# Haul from Ecuagenera



## Justin (Mar 15, 2016)

Laelia purpurata (3 different color types...vinicolor, alba, atropurpurea)
2 masdevallia hybrids...orange and yellow
Phrag warscewiczianum 'Fortuna'


----------



## Migrant13 (Mar 15, 2016)

Very healthy looking plants!


----------



## SlipperFan (Mar 15, 2016)

They have good plants, as shown by your purchase. Congrats.


----------



## NYEric (Mar 15, 2016)

Nice. Did you do an order? Or was there a show?


----------



## JeanLux (Mar 16, 2016)

Migrant13 said:


> Very healthy looking plants!



Agree !!!! Jean


----------



## Hamlet (Mar 16, 2016)

They have great plants and some very reasonable prices. I'll order some plants from them in a couple of months.


----------



## Justin (Mar 16, 2016)

Ivan was in town to speak at our society. They are great about pre-orders but also bring lots of plants so both bases are covered. They also ship inside the country if they won't be in your exact locale.


----------



## NYEric (Mar 16, 2016)

Cool.

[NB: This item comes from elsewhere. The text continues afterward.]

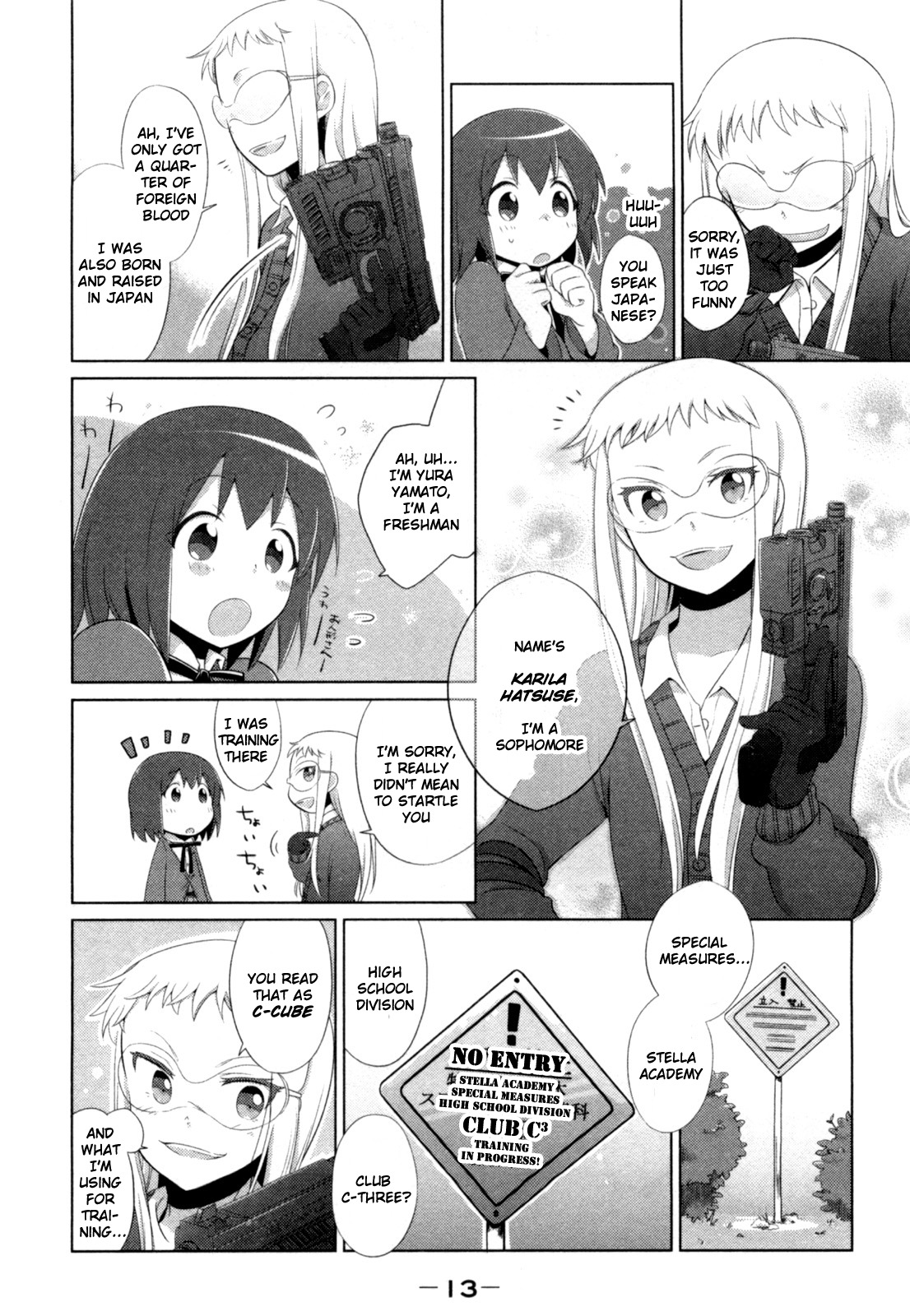 Tokurei Sochi Dantai Stella Jogakuin Koutouka C3 Bu Chapter 2 page 3 - Chapter 2: After school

No Phrags!?


----------



## Justin (Mar 16, 2016)

NYEric said:


> Cool. No Phrags!?



Phrag warscewiczianum 'Fortuna'


----------



## eOrchids (Mar 16, 2016)

Awesome haul, Justin!

I too bought a Phrag warscewiczianum 'Fortuna' from them as well. It has not bloomed though.


----------



## Justin (Mar 16, 2016)

Yeah i am thinking it will need some patience.


----------



## NYEric (Mar 16, 2016)

Oops! Sorry, I missed that.


----------



## JAB (Mar 17, 2016)

Justin, did your orchid society bring him all the way up from Ecuador?


----------



## Justin (Mar 18, 2016)

He was already in the region so he made a side trip down to see us and also the Louisville society since we try to share speakers when we can. So basically my strategy for getting.international speakers is to see when they will be in the country then coordinate with other societies in the area to split travel costs..sometimes it means someone has to move their meeting date but it is a win-win for everyone.


----------



## SlipperKing (Mar 18, 2016)

Justin said:


> He was already in the region so he made a side trip down to see us and also the Louisville society since we try to share speakers when we can. So basically my strategy for getting.international speakers is to see when they will be in the country then coordinate with other societies in the area to split travel costs..sometimes it means someone has to move their meeting date but it is a win-win for everyone.



Great idea.

Nice plants too


----------



## bullsie (Mar 18, 2016)

I have often wanted to order, but am unsure of how well plants acclimate to the northern hemisphere. Or is that not such a big a problem?


----------



## Justin (Mar 18, 2016)

Has not been a problem for me in the past. There might be some shock from the time spent in transit but generally they rehydrate quickly and do fine.


----------



## JAB (Mar 19, 2016)

Good idea! 
Thanks. Hope to make a meeting sometime when I am back home visiting the folks in Columbus.


----------



## Justin (Mar 19, 2016)

Great! www.coosinfo.info


----------



## jwestern (Mar 22, 2016)

I just ordered the phrag. fortuna. Any idea how long the petals are supposed to get? Just curious...! (First phrag in a long time.)


----------



## Justin (Mar 22, 2016)

not sure for this clone but the picture looked like at least 12 or 14"


----------



## NYEric (Mar 22, 2016)

bullsie said:


> I have often wanted to order, but am unsure of how well plants acclimate to the northern hemisphere. Or is that not such a big a problem?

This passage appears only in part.